I’ll try again latter today…

1 Like

Just do it via email from the address associated with your account: support AT cloudflare DOT com and post the ticket number here when you get a reply.

2 Likes

Done. Ticket number 2205315

4 Likes

When did the issue started to happen? I will rollout a fix later today for APO integration with Cache everything, that could make things better.

2 Likes

I’ve rolled out the change, please let me know if it made any difference.

2 Likes

Oh cool! I’ll test it right now.

1 Like

This issue got mixed up with a previous ticket. I wasn’t using APO anymore. Now i am, and it seems to be working with one problem: it’s not respecting the “Origin Cache Control” rule anymore.

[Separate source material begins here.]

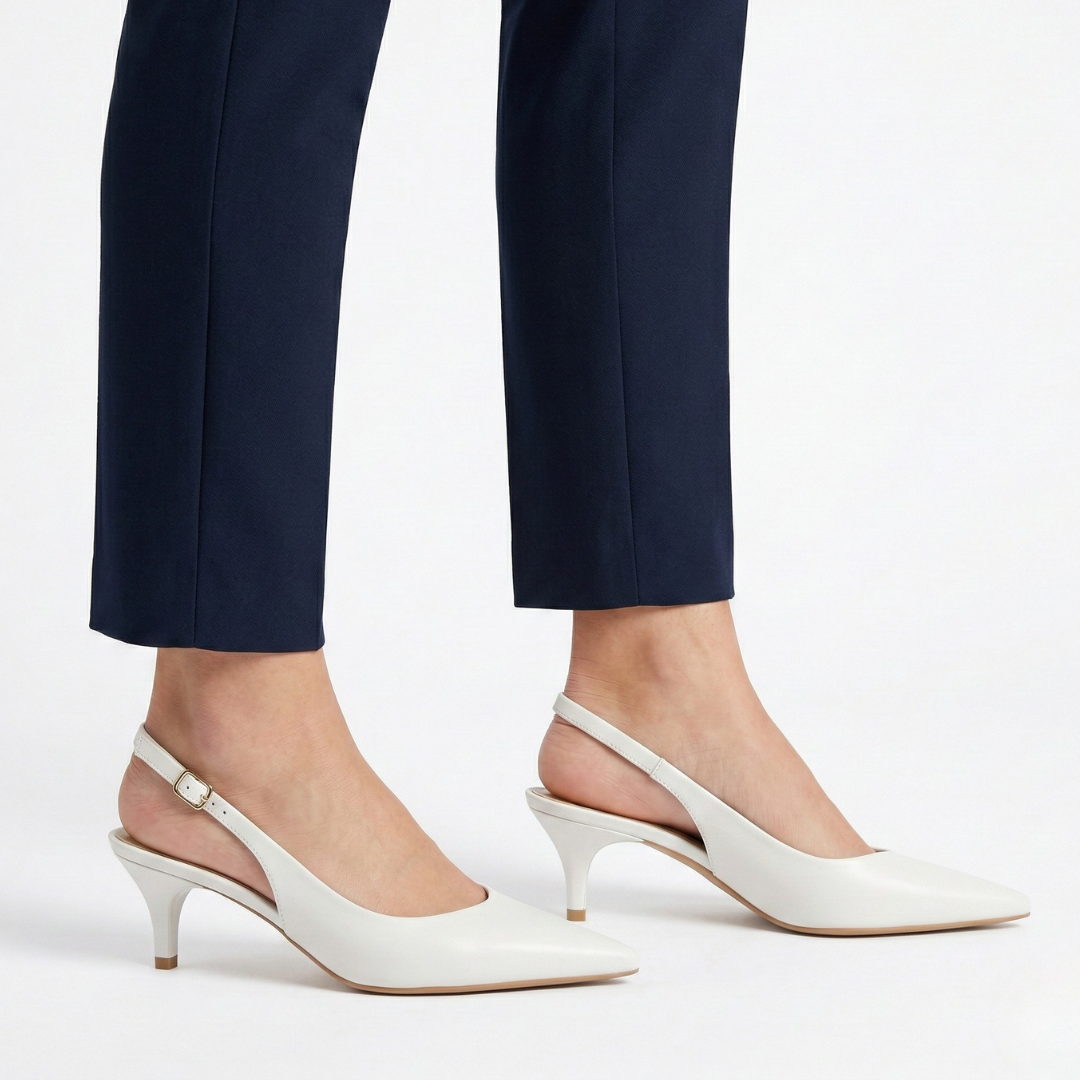 Creta | Comfort Heels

content-type: application/json; Charset=utf-8
cf-ray: 66ef2e8ff826f1d2-GRU
age: 8021
cache-control: Public, max-age=600 , stale-if-error=172800
link: <https://tecnoblog.net/wp-json/>;; rel=“https://api.w.org/”;
strict-transport-security: max-age=31536000; includeSubDomains; preload
vary: Accept-Encoding
cf-cache-status: HIT
access-control-allow-headers: Authorization, X-WP-Nonce, Content-Disposition, Content-MD5, Content-Type
access-control-expose-headers: X-WP-Total, X-WP-TotalPages, Link
cf-apo-via: tcache
cf-edge-cache: cache,platform=wordpress
expect-ct: max-age=604800, report-uri=“https://report-uri.cloudflare.com/cdn-cgi/beacon/expect-ct”;
ngx-cache-status: BYPASS
x-content-type-options: nosniff
x-robots-tag: noindex
report-to: {“endpoints”:[{“url”:“https://a.nel.cloudflare.com/report/v3?s=nnaEbbtK%2BunuVZCFScXPS63uk8dbsBJnGYWBwQ%2BLwhFUFk25gB%2BjZFNNWV3qANUWON3YoqYZ3JP9qdXWRE1Svi%2B8VBGwtAIAZsHEw07RAbFJ%2Bt17RpjaZceKl7YfaW4%3D”}],“group”:“cf-nel”,“max_age”:604800}
nel: {“report_to”:“cf-nel”,“max_age”:604800}
server: cloudflare
alt-svc: h3-27=“:443”; ma=86400, h3-28=“:443”; ma=86400, h3-29=“:443”; ma=86400, h3=“:443”; ma=86400

The setup: Json + Cache Everything + Origin Cache Control + APO.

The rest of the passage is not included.